In its earnings report, Berkshire highlighted the potential adverse effects of President Donald Trump’s tariffs on its various businesses. The company expressed concerns about the uncertainty surrounding international trade policies and tariffs, stating that these events could significantly impact its operating businesses and investments in equity securities.

Despite maintaining a cash hoard of $344.1 billion, Berkshire was a net seller of stocks for the 11th consecutive quarter, selling off $4.5 billion in equities during the first half of 2025. The conglomerate also refrained from repurchasing any stock in the first six months of the year, even as share prices declined by over 10% from their peak.

Berkshire incurred a loss of $3.8 billion from its investment in Kraft Heinz, a struggling asset for the conglomerate. Kraft Heinz has been considering a spinoff of its grocery business, and two Berkshire executives resigned from the company’s board in May.
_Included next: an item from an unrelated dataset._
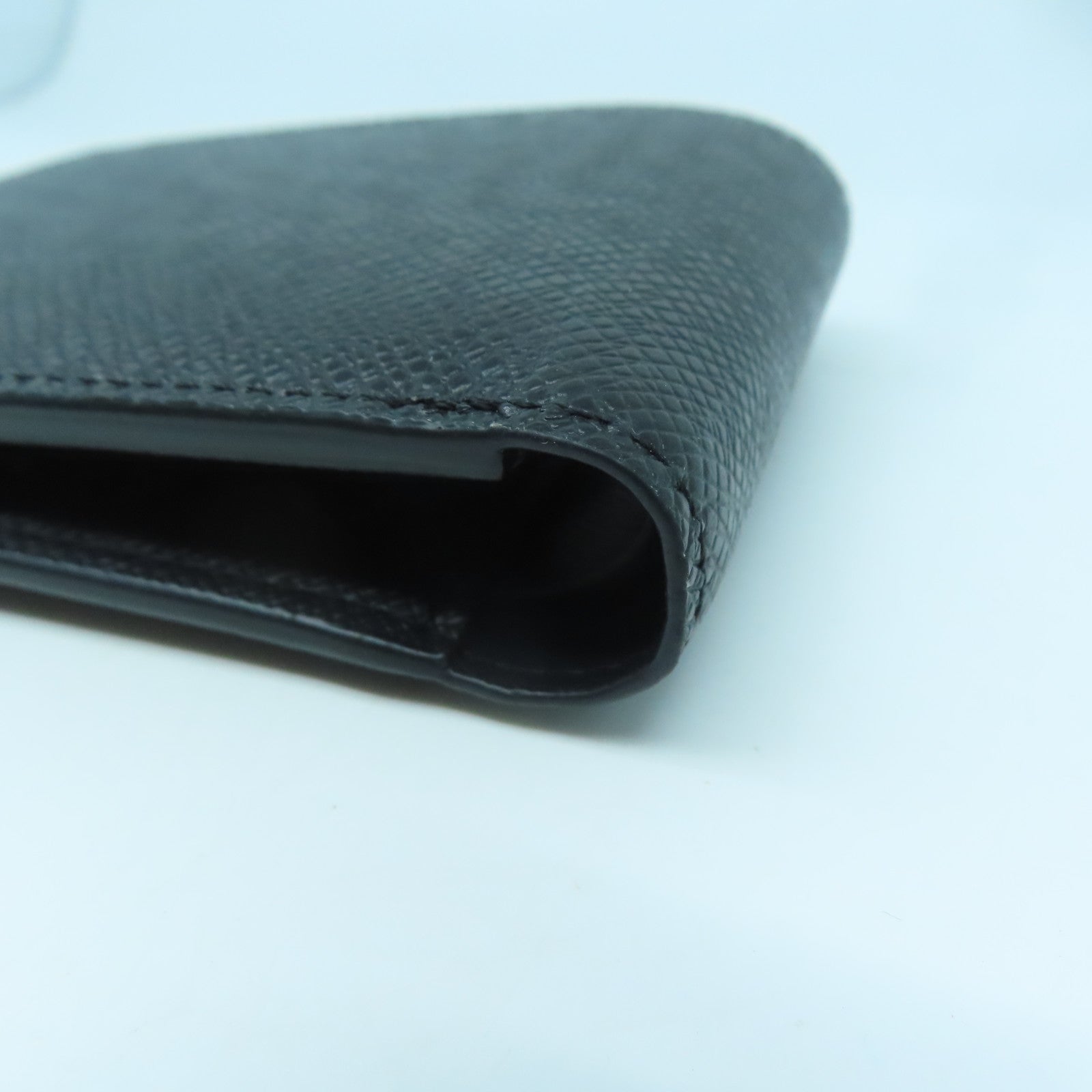 LOUIS VUITTON Taiga Multiple Wallet銀扣錢包黑色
This earnings report comes in the wake of Buffett’s announcement that he will step down as CEO at the end of 2025. Greg Abel, Berkshire’s vice-chairman of non-insurance operations, is slated to take over as CEO, with Buffett remaining as chairman of the board.

The latest financial results from Berkshire Hathaway underscore the ongoing challenges posed by global trade tensions and the need for strategic decision-making in navigating a volatile market environment. Buffett’s leadership transition and the company’s shifting investment strategies will be closely watched as Berkshire continues to adapt to changing economic conditions.